The First Post-Fifield Decision
Earlier this year, Judge Castillo issued the first and only published decision to date to address Fifield. In that decision, Judge Castillo specifically declined to follow Fifield. Montel Aetnastak, Inc. and Montel Inc. v. Kristine Miessen et al., No 13 C 3801, 2014 U.S. Dist. LEXIS 11889 (N.D. Ill. Jan. 28, 2014).
Montel involved an individual who had voluntarily resigned 15 months after signing a non-compete. When her employer brought suit to enforce her non-compete, she argued, among other things, that because she was only employed for 15 months after signing the non-compete, it was not supported by sufficient consideration and was therefore unenforceable.
While acknowledging Fifield’s holding, Judge Castillo found that “Illinois law does not . . . provide a clear rule to apply in this instance.” In support of this conclusion, Judge Castillo cited several Illinois appellate decisions regarding the adequacy of consideration for a non-compete, including a decision in which “employment for a year was considered a ‘substantial period’ of employment,” a decision in which the court noted that “factors other than the time period of the continued employment . . . may need to be considered,” and a decision in which the court “considered the raises and bonuses received by the defendants, their voluntary resignation, and the increased responsibilities they received after signing a restrictive covenant.”
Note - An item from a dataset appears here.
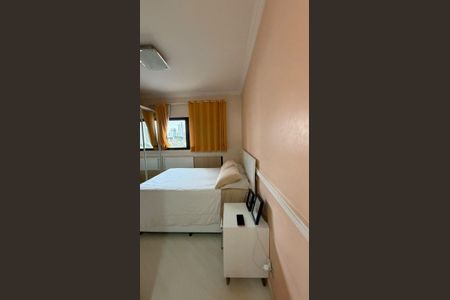Apartamento à venda com 240m², 4 quartos e 4 vagas Apartamento à venda com 240m², 4 quartos e 4 vagasQuarto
Ultimately, Judge Castillo held that “[g]iven the contradictory holdings of the lower Illinois courts and the lack of a clear direction from the Illinois Supreme Court, this Court does not find it appropriate to apply a bright line rule” regarding what constitutes sufficient consideration for a non-compete. Instead, Judge Castillo chose to employ “the fact-specific approach employed by some Illinois courts.” In so doing, he found that the defendant’s 15 months of employment after she signed the non-compete, plus the fact that she had voluntarily resigned, were sufficient to conclude that “she was provided with a ‘substantial period’ of employment.” Judge Castillo therefore held that the defendant “was provided adequate consideration to support the enforceability of the employment agreement.”
To date, no published decision has cited or discussed Montel.
A developing split within the Illinois Appellate Court?
More recently, the Illinois Appellate Court for the Second District (i.e., a different appellate district than the one which issued Fifield) issued an unpublished decision involving the enforceability of a non-compete agreement signed by an employee who resigned 19 months after signing it. Critical Care Systems, Inc. v. Dennis Heuer and IV Solutions, LLC, No. 2-13-0745, 2014 Ill.App. Unpub. LEXIS 283 (Ill. App. 2d Dist. Feb. 18, 2014). Even though the decision focused on whether the non-compete was enforceable (the Court held that it was not), the decision does not discuss the fact that the employee was only employed for 19 months after signing the non-compete, nor does it even mention Fifield. Given thatFifield could have provided a ready-made alternative basis for the Court’s holding, the silence on this issue is potentially notable given the publicity received by Fifield over the past nine months. (On the other hand, judicial “tea reading” is a dangerous art; there are many reasons why the Court may not have touched upon this issue.)